Investir plus d’argent dans les téléfilms ne les a pas soudainement transformés en chefs-d’œuvre inoubliables. Mais pour chaque Netflix Original à éviter, il existe de nombreux films qui méritaient mieux qu’une goutte sur Hulu ou Apple TV+. En particulier, ces cinq films en streaming s’imposent comme des exemples tragiques de privation de sorties en salles.

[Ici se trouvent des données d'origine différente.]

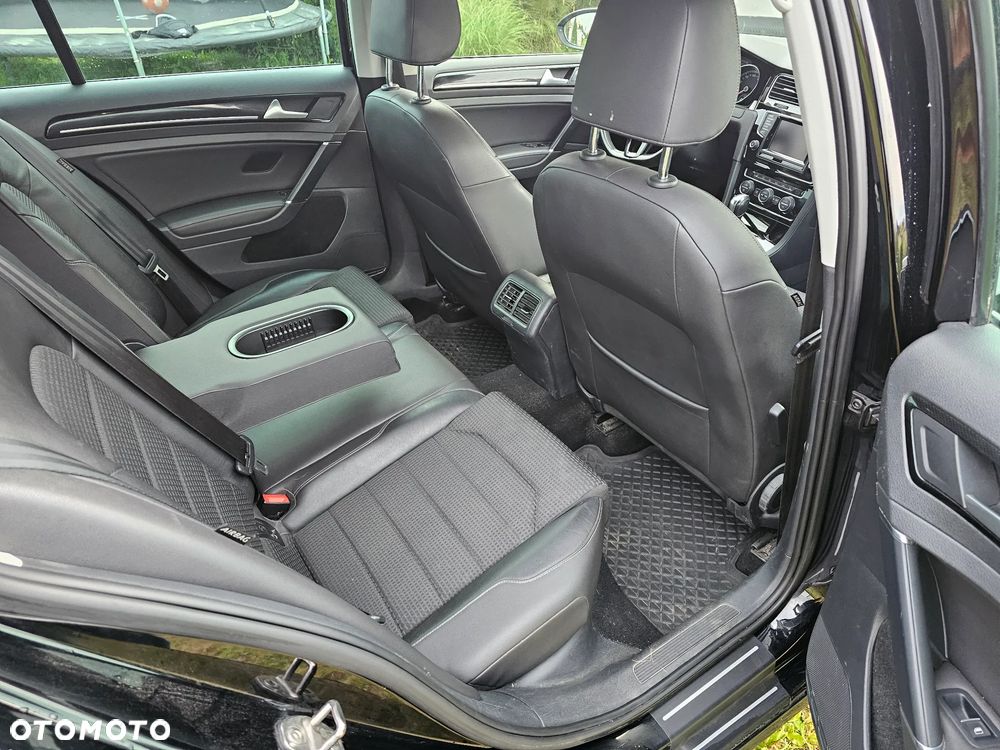 Volkswagen Golf 2.0 TDI (BlueMotion Technology) DSG Highline - 13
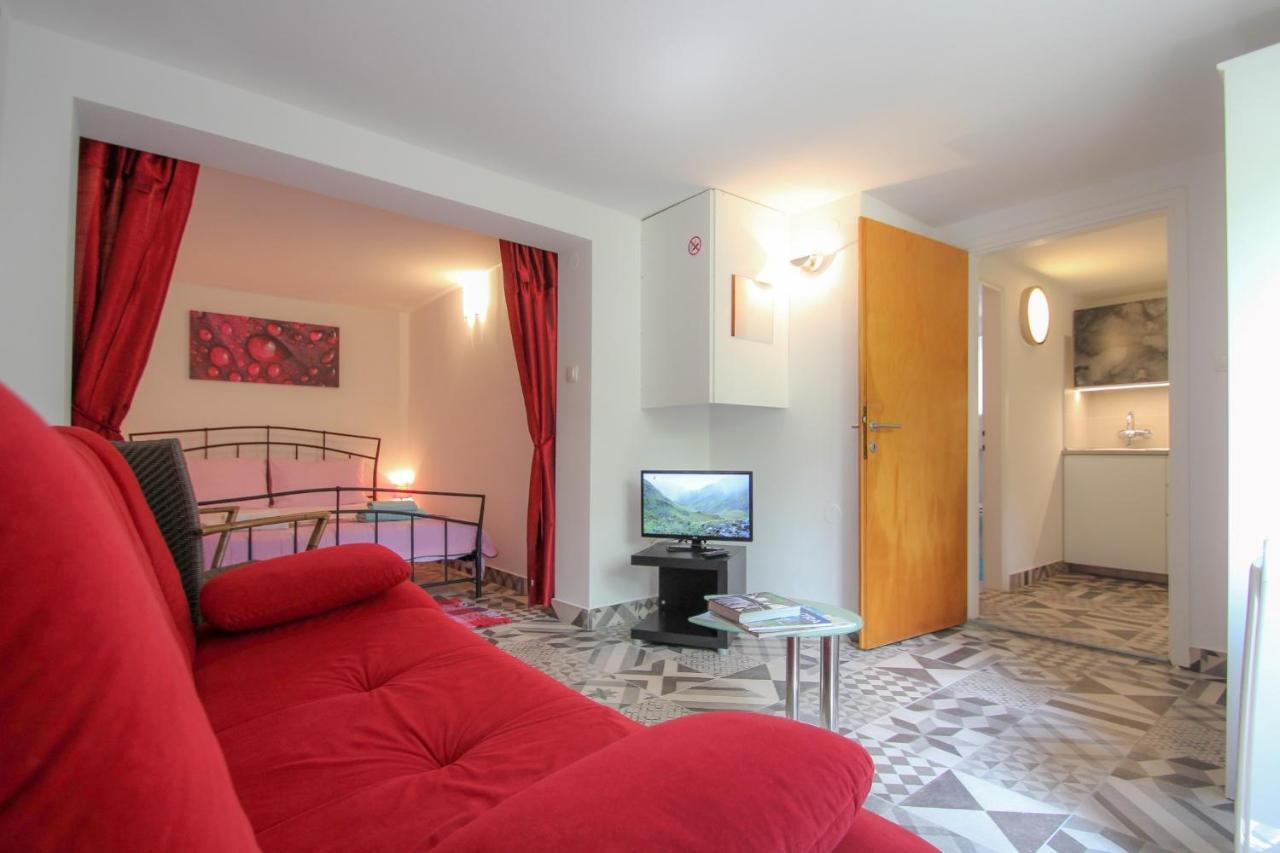 Carla Guest House Novigrad  Bagian luar foto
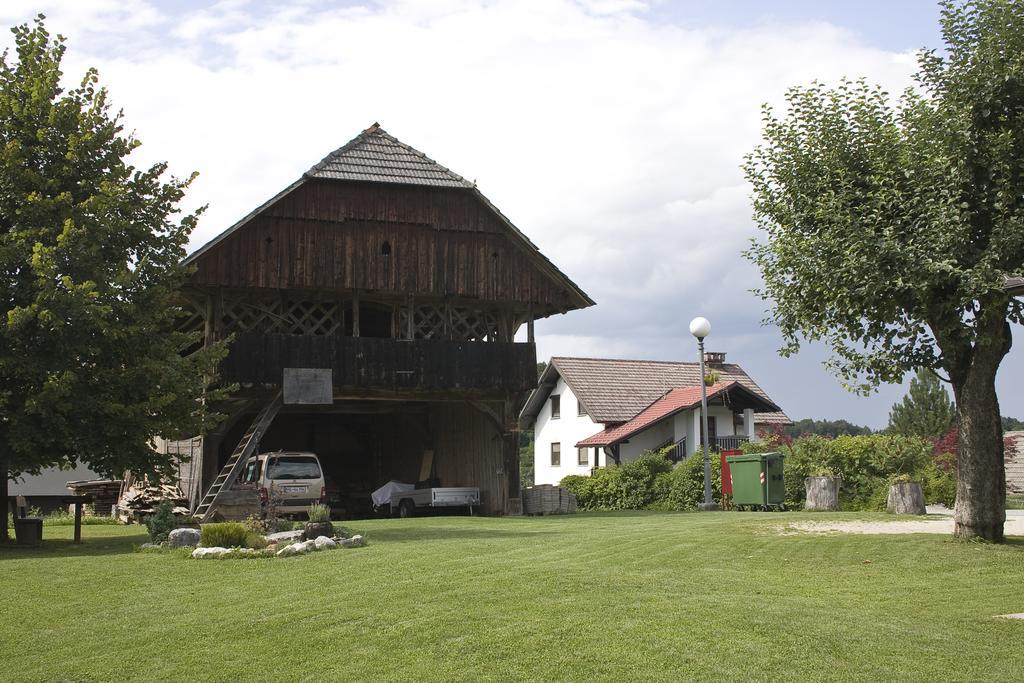 Apartma Obrh Smarjeske Toplice Exterior foto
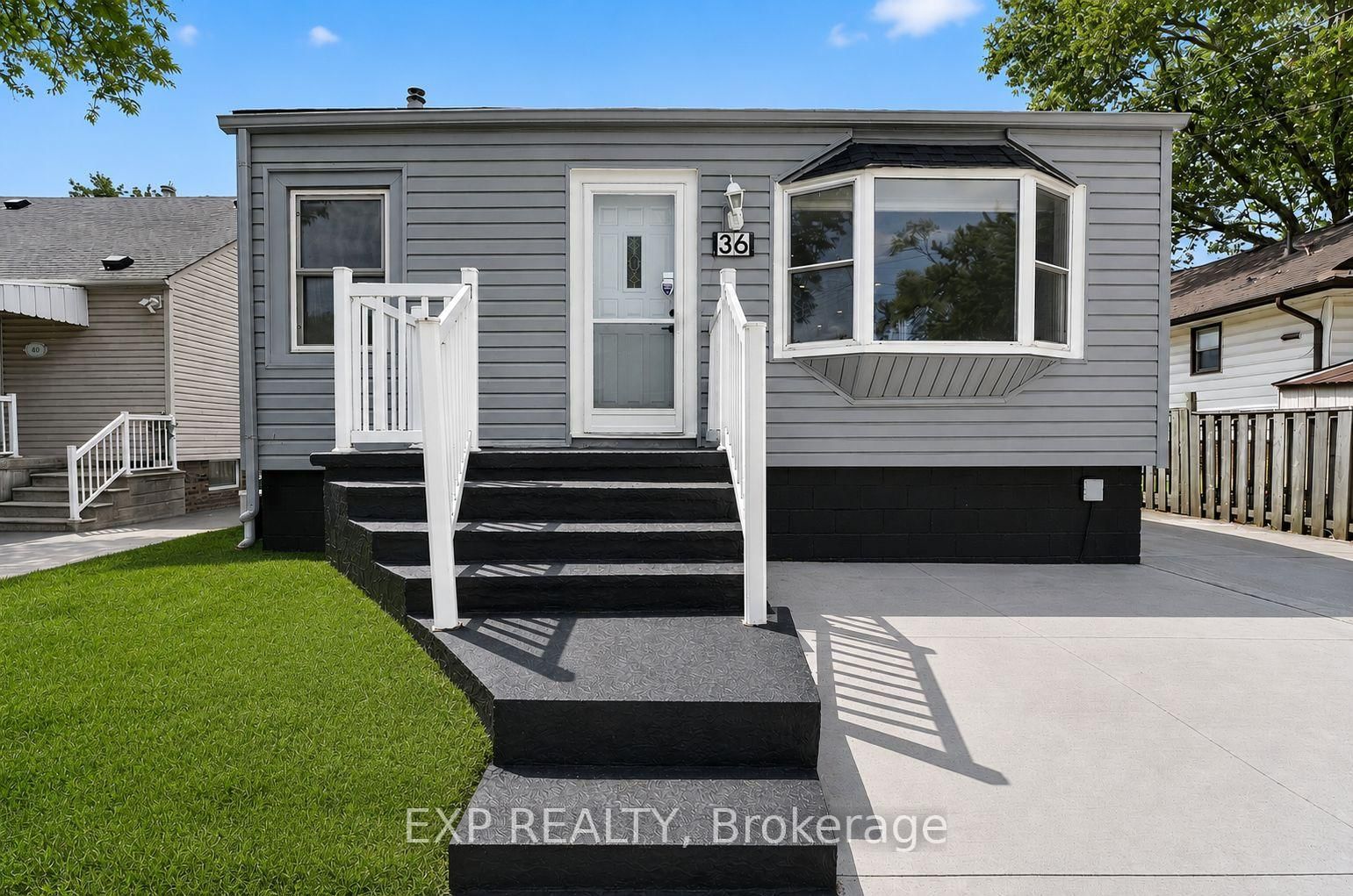 36 Mahony Avenue • Hamilton, ON photo 1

En regardant ces cinq films, il est clair que leurs vertus individuelles auraient excellé encore plus sur grand écran. Certains ont des thèmes qui auraient été parfaits pour un visionnage en commun. D’autres appartenaient à des franchises ou étaient mis en vedette par des stars de cinéma ayant une longue et riche carrière dans le cinéma théâtral. Quelle que soit la raison, il est indéniable que ces cinq films méritaient bien plus que d’être jetés dans la fosse du streaming.
Proie
Du côté commercial, il est facile de comprendre pourquoi Disney et les dirigeants des studios du 20e siècle ont choisi d'envoyer le volet « Predator » de 2022 « Prey » directement à Hulu. Les films « Predator » n'étaient pas vraiment des générateurs d'argent colossaux, même avant la fermeture des cinémas en 2020. Pour démarrer, « The Predator » de 2018 a laissé un goût si amer dans la bouche du public que les dirigeants du studio auraient pu penser qu'il était impossible que les gens déboursent à nouveau de l'argent pour une entrée ultérieure.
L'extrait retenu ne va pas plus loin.